EXERCISE GOAL: Exact copies of all the lines below are required, with the pictures omitted.

SUPPLIED RECORDS:

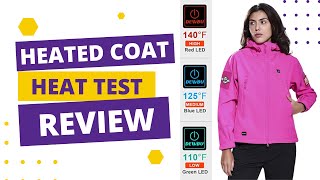Heated Coats EXPOSED Which One Reigns Supreme for Winter?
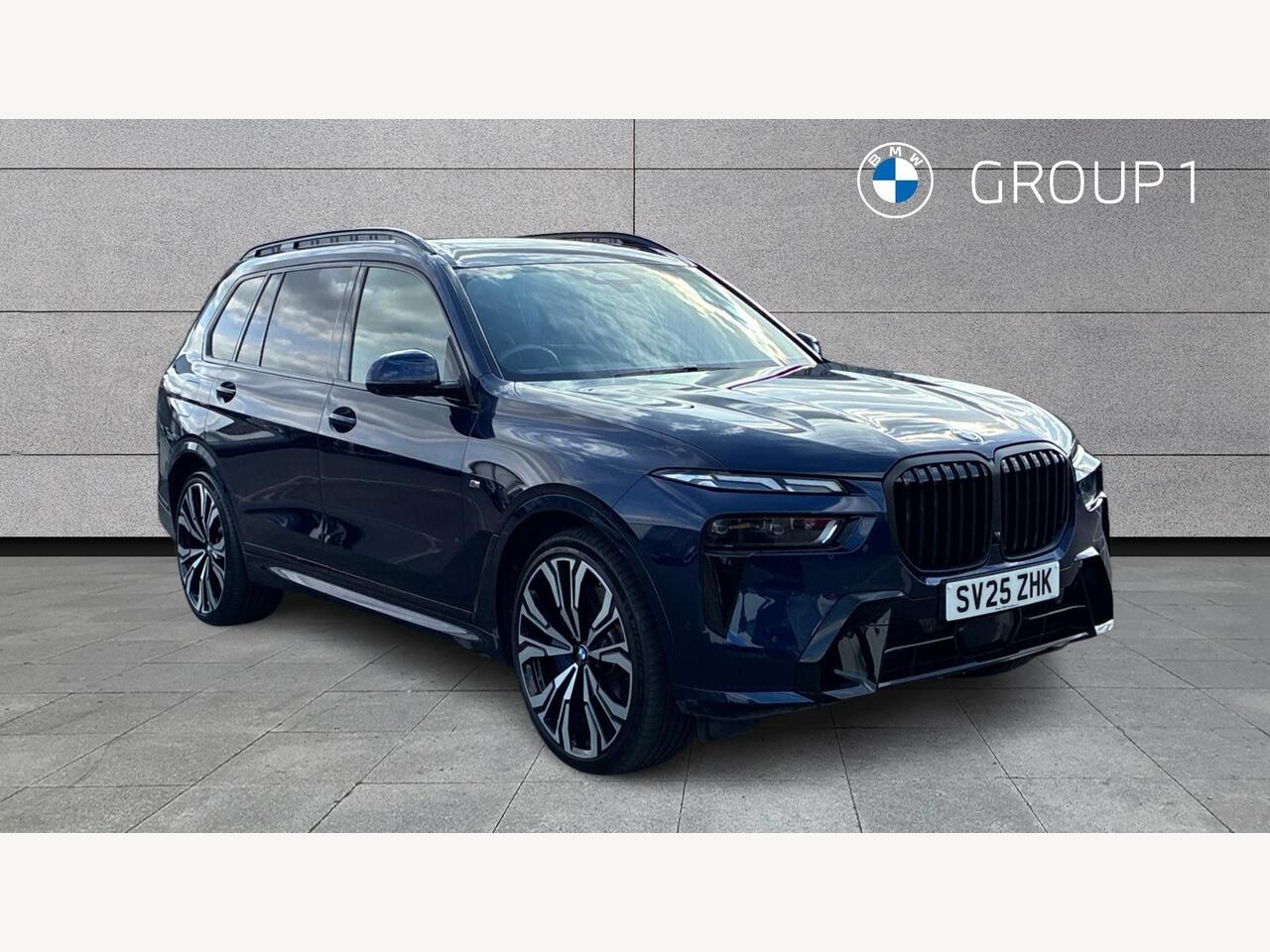 Main listing image - BMW X7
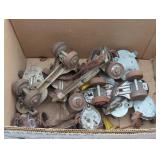 Vintage Roller Skates
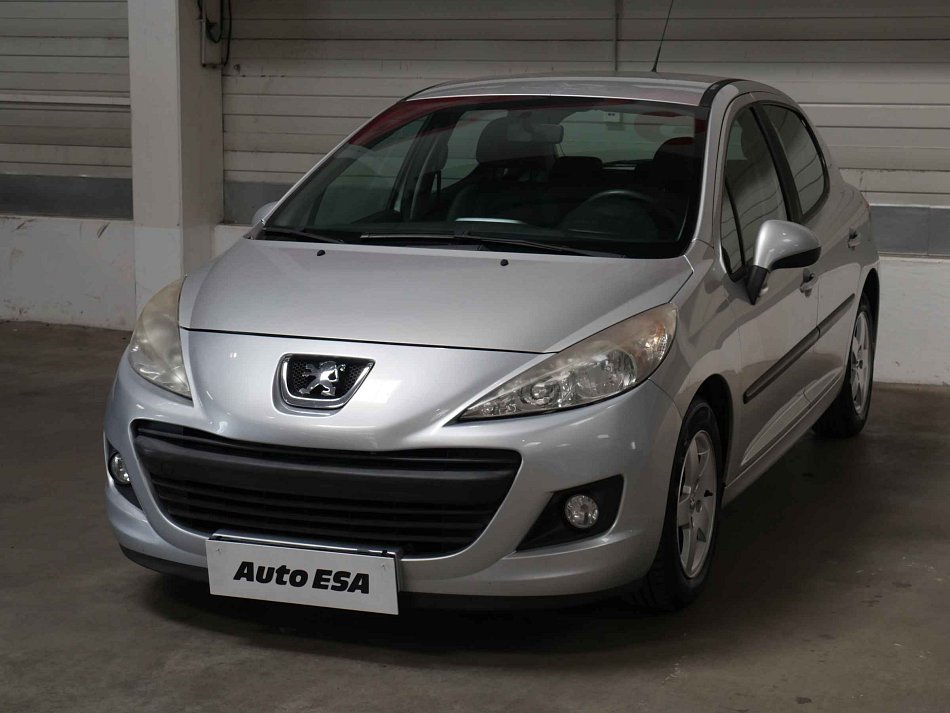 Peugeot 207 1.4 HDi 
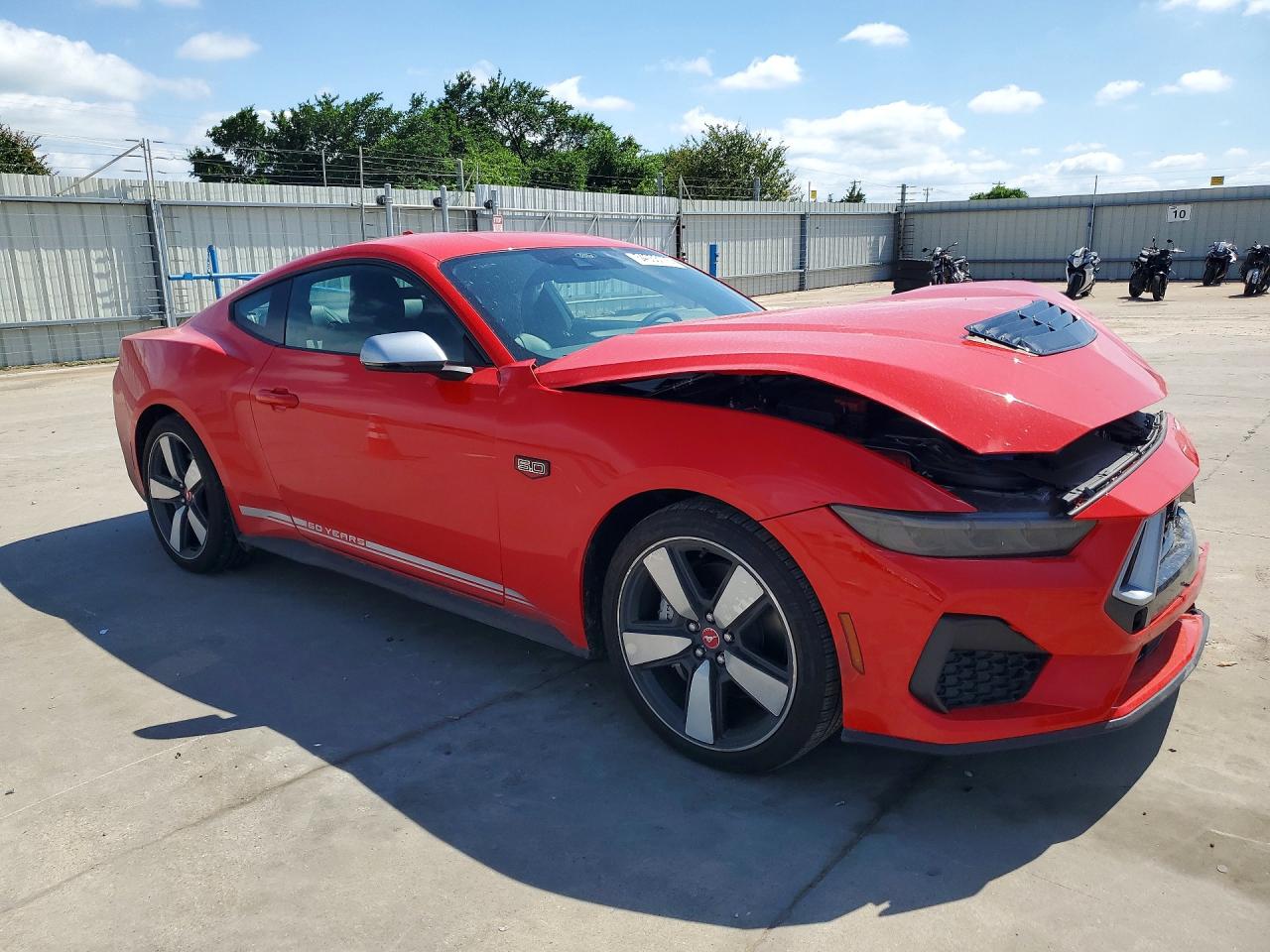 Ford Mustang Gt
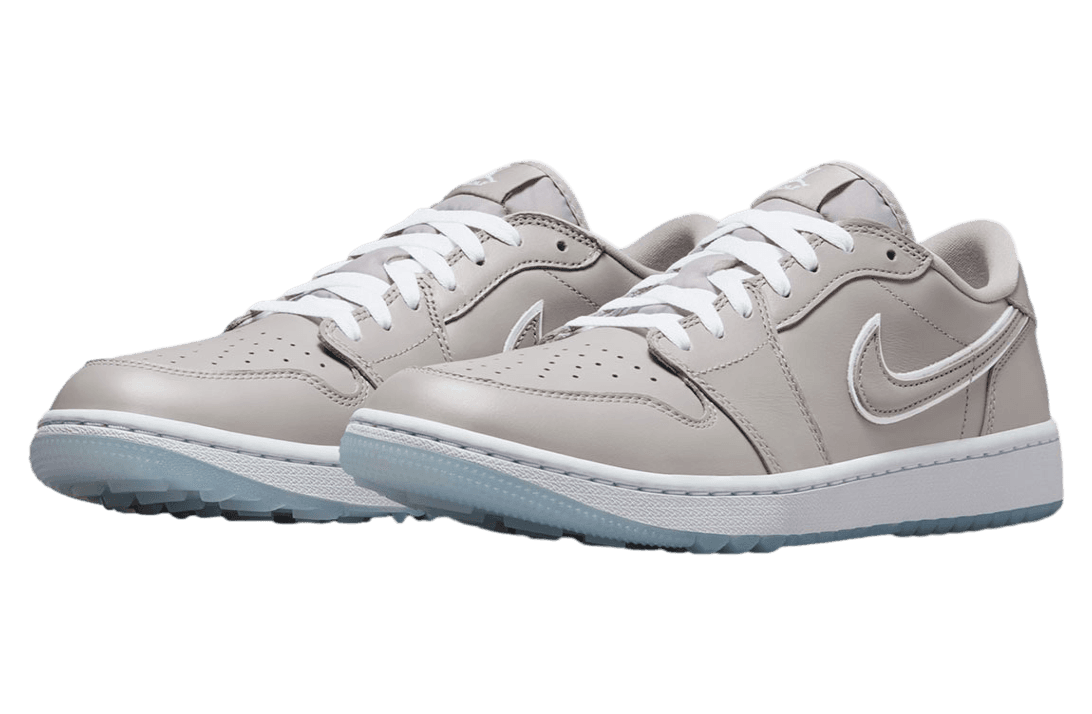 Jordan 1 Low Golf 'Medium Grey'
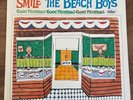 The Beach Boys SMiLE Sessions 2LP Record 180 Gram Vinyl (2011)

EXERCISE RESPONSE:
Heated Coats EXPOSED Which One Reigns Supreme for Winter?
 Main listing image - BMW X7
 Vintage Roller Skates
 Peugeot 207 1.4 HDi 
 Ford Mustang Gt
 Jordan 1 Low Golf 'Medium Grey'
 The Beach Boys SMiLE Sessions 2LP Record 180 Gram Vinyl (2011)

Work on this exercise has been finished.